Exercise goal:
Leave the pictures out and quote every line from the start of the listing to the line with "Dior Christian Dior", inclusive.
((
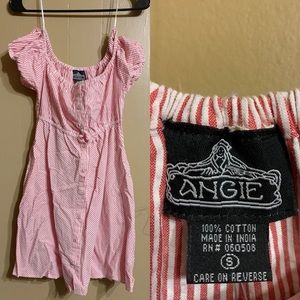 Pink and white off the shoulder dress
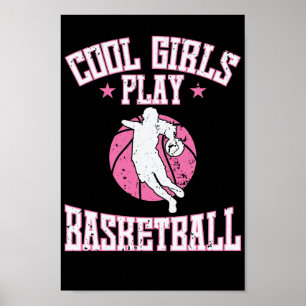 Poster Basket-ball pour filles "Cool Girls play Basket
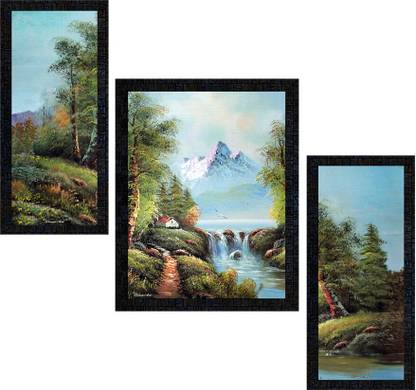Poster N Frames Landscape Scenery Set of 3 with Acrylic Sheet (Glass) painting-0185 Digital Reprint 14 inch x 22 inch Painting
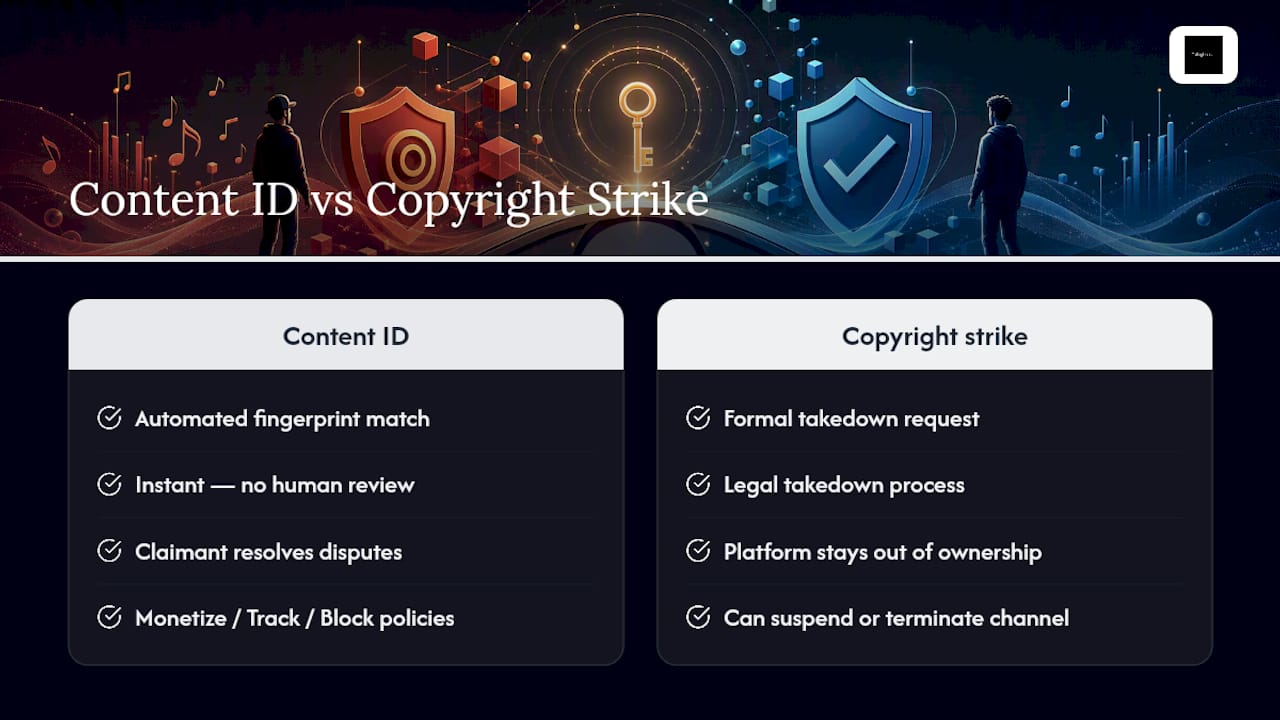 Content ID claims versus copyright strikes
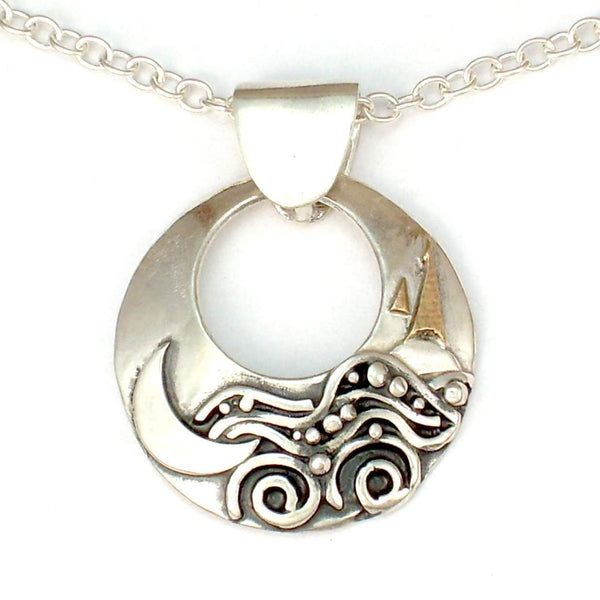 Round Silver Necklace, Oxidized / P02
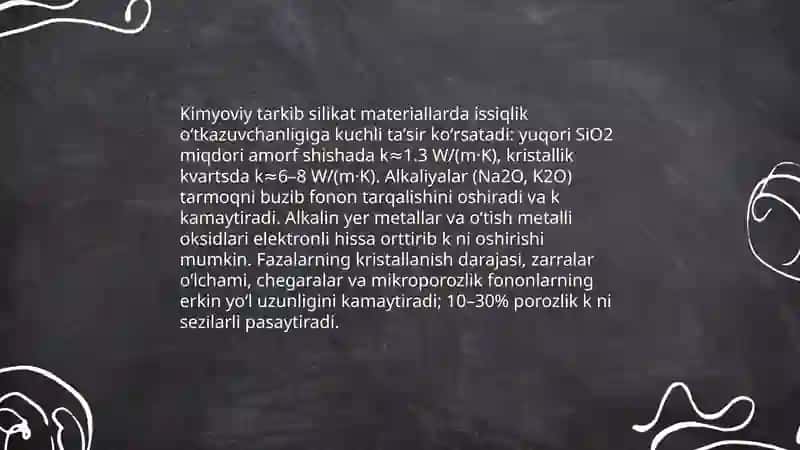 Silikat materiallarda issiqlik oʻtkazuvchanlik qpnuniyatlari 4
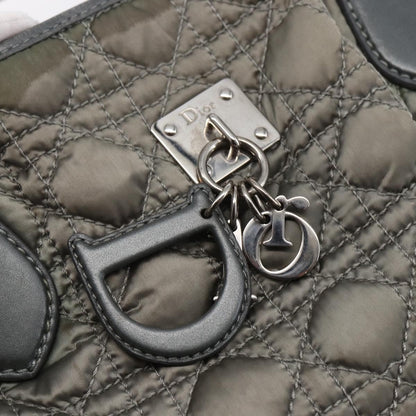 Dior Christian Dior Canage Hand Bag Nylon Gray Silver Authentic 147959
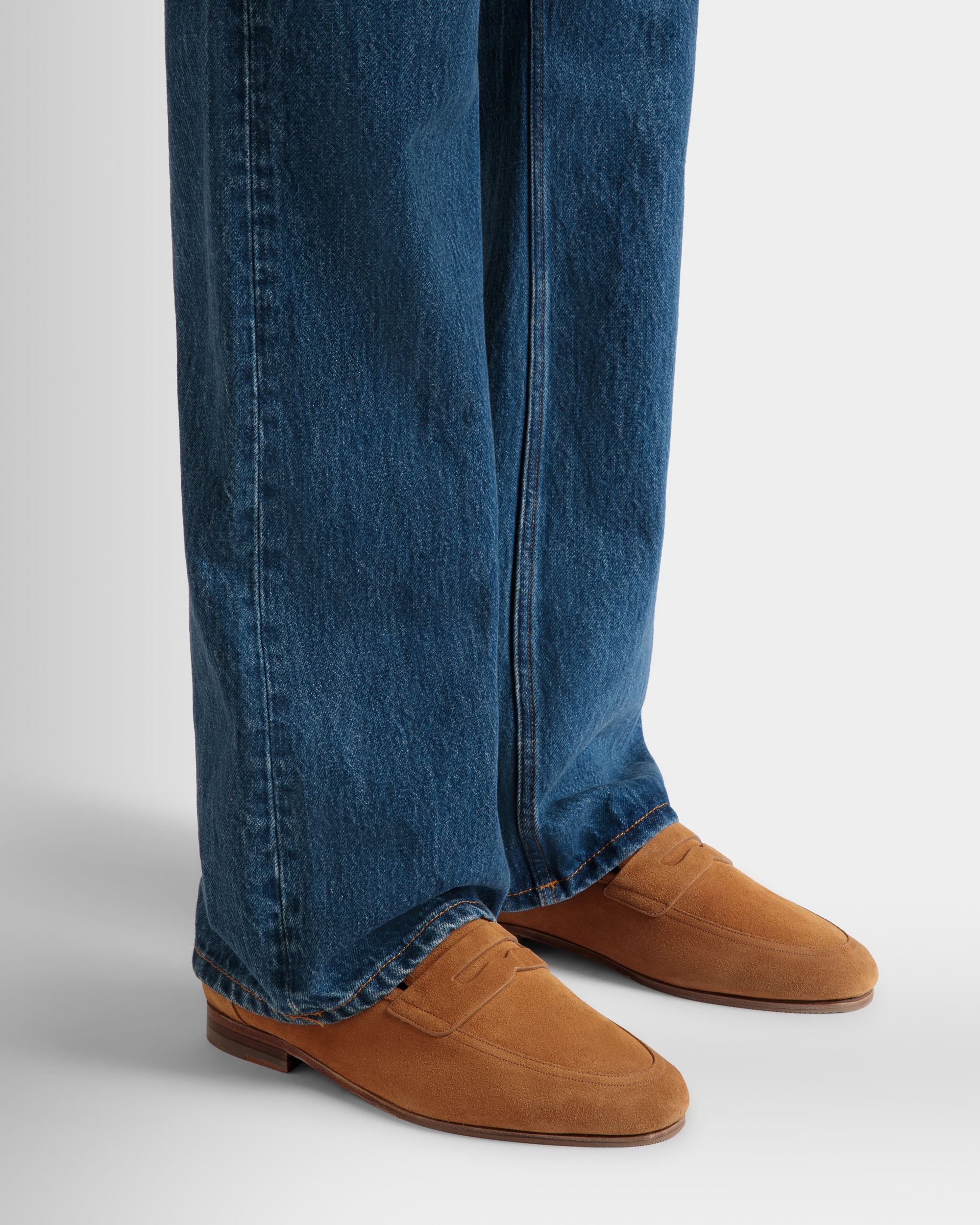 Mocassin Plume En Daim Marron - Homme - Bally - 02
))
Reply:
 Pink and white off the shoulder dress
 Poster Basket-ball pour filles "Cool Girls play Basket
Poster N Frames Landscape Scenery Set of 3 with Acrylic Sheet (Glass) painting-0185 Digital Reprint 14 inch x 22 inch Painting
 Content ID claims versus copyright strikes
 Round Silver Necklace, Oxidized / P02
 Silikat materiallarda issiqlik oʻtkazuvchanlik qpnuniyatlari 4
 Dior Christian Dior Canage Hand Bag Nylon Gray Silver Authentic 147959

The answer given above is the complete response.